His Mahler doesn't have the grandeur of Abbado's; it belongs more to the wrung-nerve tradition of Leonard Bernstein. But Tilson Thomas is less self- indulgent, more controlled than Bernstein; and on Wednesday at the Barbican the panoramic first movement of the Third Symphony - one of Mahler's less successfully stretched structures - was delivered with an iron grip that rarely allowed the tension to drop. Fighting the invitation Mahler offers to nostalgia, everything was rooted in the present. Entries were alert, bitingly keen, spring-loaded with the promise (not, alas, often fulfilled) that this would be the moment of resolution in the score. With the LSO's bright, forward-sounding brass and Nathalie Stutzmann as a distinctive contralto soloist, this performance didn't end my doubts about the true worth of Mahler's Third, but it certainly made the hour and 40 minutes of it pass with honour.

The turning point of Donizetti's not-so-historical opera Maria Stuarda is a meeting of Maria (Queen of Scots) and Elizabetta (of England) that never actually happened but makes tempestuous theatre. In Stefanos Lazaridis's new production for Scottish Opera, which opened in Glasgow on Friday, it does literally turn - on a partitioned revolve that keeps Mary and Elizabeth spinning round each other through the piece like figures in a weather house. The message is that hell hath nothing like a pair of queens in conflict when the odds are balanced evenly between them; and Lazaridis delivers his message with style and eloquence. He doesn't read the piece deeply, but the staging has a focus that you get perhaps only when a director is, as here, his own designer.

Vocally, however, there's no semblance of a fair fight. Elizabeth is sung by a doll-like Japanese soprano, Michie Nakamaru, whose short-breathed phrasing and swallowed tone is no match for the viscous vocal sheen of Yvonne Kenny's Mary: a delectable performance, noble, self-possessed but with the vulnerability of someone clinging to a tarnished innocence.

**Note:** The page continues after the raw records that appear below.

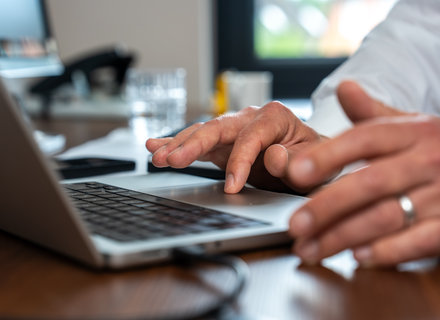Hände eines Mannes, die auf einer Laptop-Tastatur tippen. Im Hintergrund sind ein Glas Wasser und ein Smartphone sichtbar. Der Arbeitsplatz ist hell und modern eingerichtet.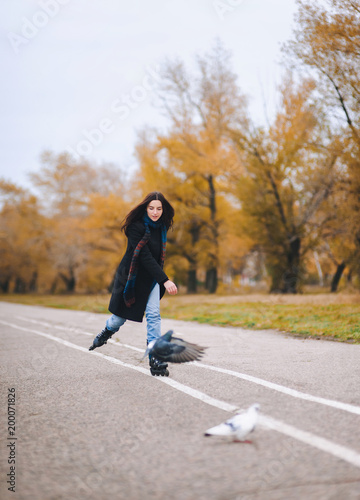A pretty young girl in a coat and blue jeans with a long scarf happily skates in the autumn park with pigeons. Fighting the autumn depression.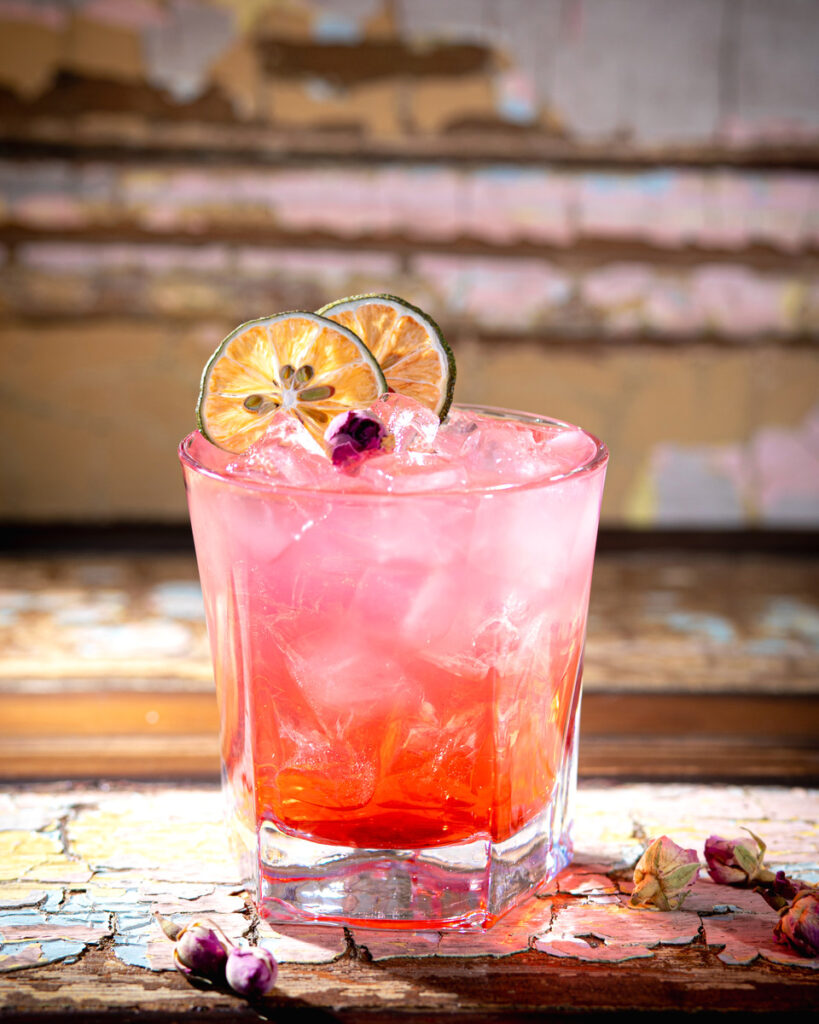 A vibrant pink cocktail is presented in a rocks glass filled with ice, garnished with two dried lime wheels and a small rosebud.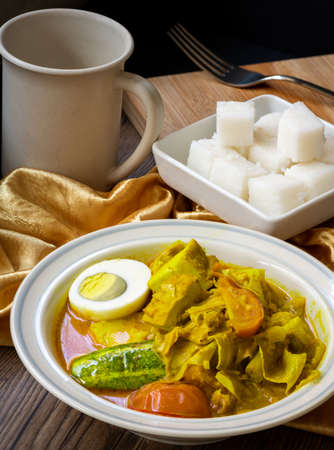 Lontong, an Indonesian dish with compressed rice cake, served with coconut-based dishes and vegetables, common in Indonesia, Malaysia and Singaporeの写真素材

Richard Armstrong conducts an uncommonly complete version of the score and with sympathy. The big moments don't quite carry enough impact; but as a matter of style I suppose he's entitled to make the point that this is Donizettian bel canto, not Risorgimento Verdi.

'Trovatore': Grand, Leeds (0532 456014), Wed and Fri, then touring to Sheffield, Nottingham and Manchester. 'Maria Stuarda': Glasgow Theatre Royal, 041-332 9000, Wed & Sat.